PROBLEM DESCRIPTION: The range runs from the line containing "Apartamento à venda com 45m², 2 quartos e 1 vaga Apartamento" to the last line of the entries. Restate those lines word for word, without the pictures.

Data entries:
§ §

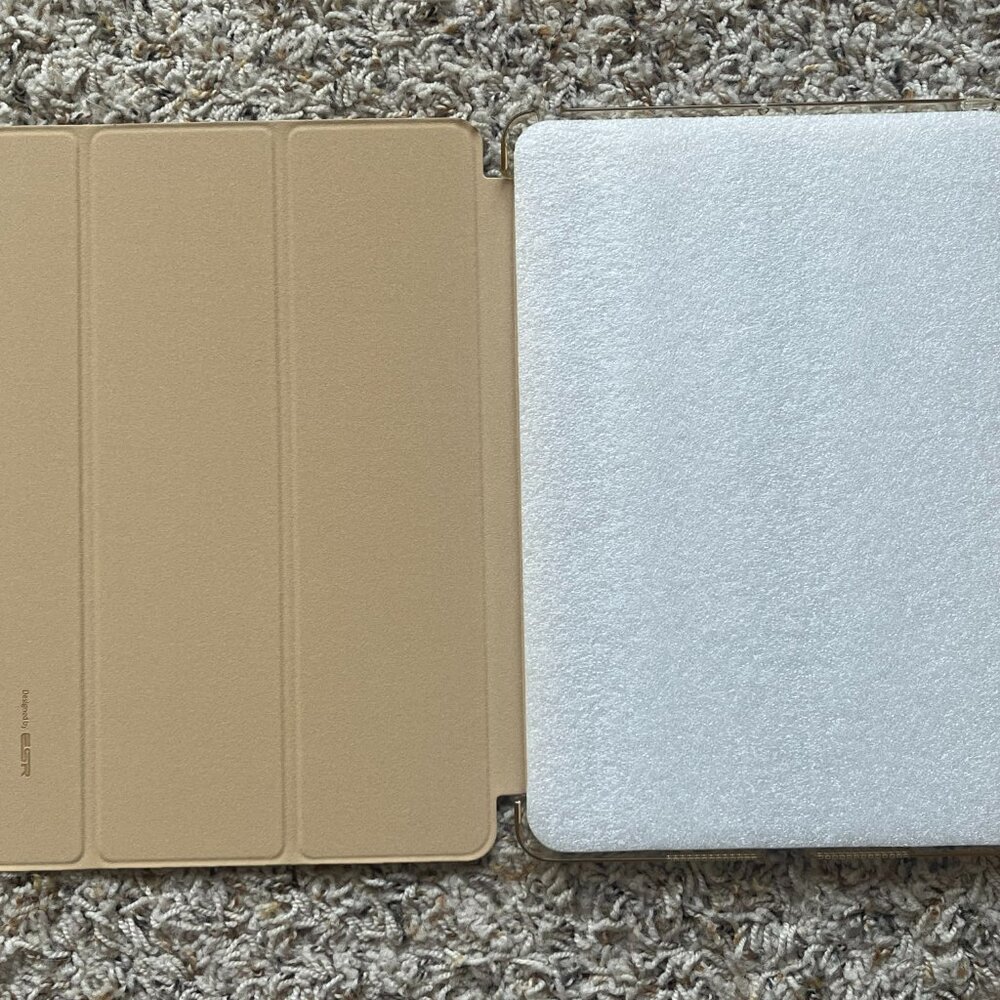 ipad ESR Protective Tablet Case - Picture 2 of 8
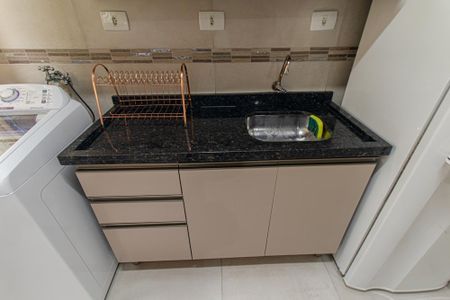 Apartamento à venda com 45m², 2 quartos e 1 vaga Apartamento à venda com 45m², 2 quartos e 1 vagaCozinha e Área de Serviço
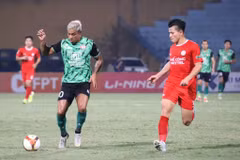 Thể Công-Viettel (áo đỏ) chấp nhận kết quả hòa 0-0 với Câu lạc bộ Thành phố Hồ Chí Minh. (Ảnh: Việt Anh/Vietnam+)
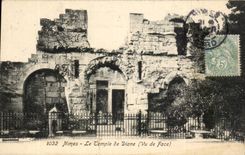 Nimes CPA der Tempel der Diane-Vorderansicht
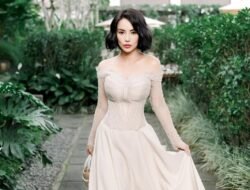 Heboh, Ari Lasso Gandeng Wanita di Pernikahan Luna Maya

§ §

PROBLEM SOLUTION:
 Apartamento à venda com 45m², 2 quartos e 1 vaga Apartamento à venda com 45m², 2 quartos e 1 vagaCozinha e Área de Serviço
 Thể Công-Viettel (áo đỏ) chấp nhận kết quả hòa 0-0 với Câu lạc bộ Thành phố Hồ Chí Minh. (Ảnh: Việt Anh/Vietnam+)
 Nimes CPA der Tempel der Diane-Vorderansicht
 Heboh, Ari Lasso Gandeng Wanita di Pernikahan Luna Maya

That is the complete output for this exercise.